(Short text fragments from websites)
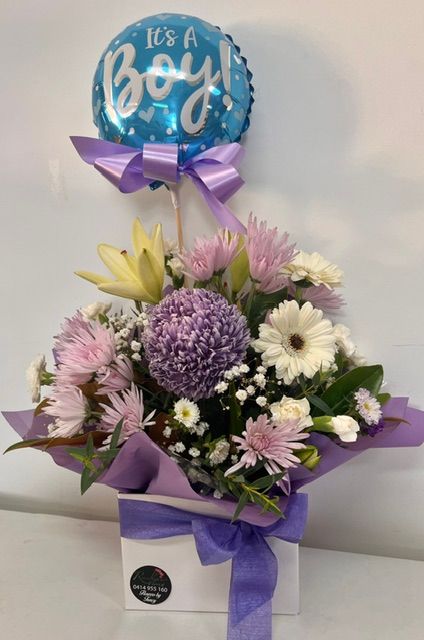 Baby Boy Flowers with a Balloon
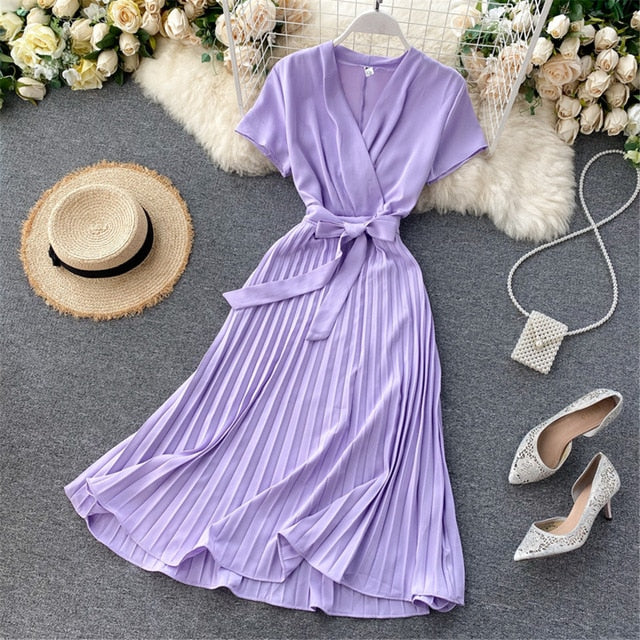 LANFUBEISI Autumn Fashion New Female Solid Pleated Dress Women V neck Short Sleeves Sashes Long Dresses Summer Streetwear Vintage Lanfubeisi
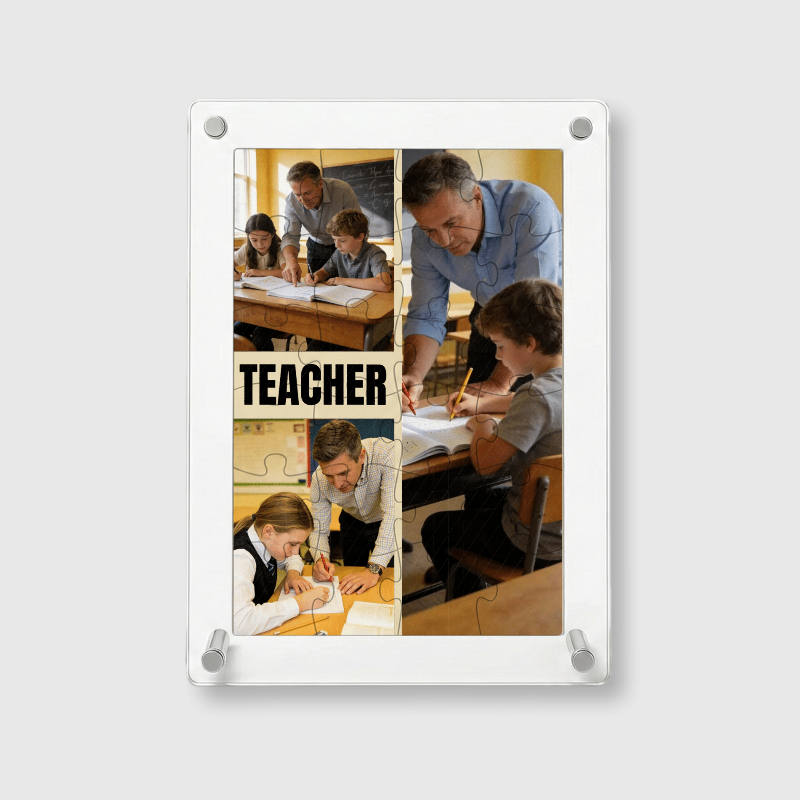 Custom Photo Collage Acrylic Puzzle for Teacher Appreciation Gift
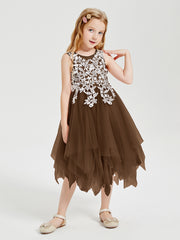 Tea Length Tulle Junior Bridesmaid Dresses Brown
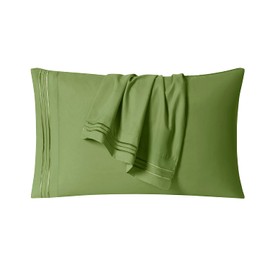 Clara Clark Pillow Cases King - Ultra Soft Pillow Cover, Lightweight Microfiber Pillow Cases Set of 2 - Envelope Closure Pillowcases, Calla Green.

Instructions to follow:
You are asked to output the records precisely as they appear, minus any pictures.

Answer space:
 Baby Boy Flowers with a Balloon
 LANFUBEISI Autumn Fashion New Female Solid Pleated Dress Women V neck Short Sleeves Sashes Long Dresses Summer Streetwear Vintage Lanfubeisi
 Custom Photo Collage Acrylic Puzzle for Teacher Appreciation Gift
 Tea Length Tulle Junior Bridesmaid Dresses Brown
 Clara Clark Pillow Cases King - Ultra Soft Pillow Cover, Lightweight Microfiber Pillow Cases Set of 2 - Envelope Closure Pillowcases, Calla Green.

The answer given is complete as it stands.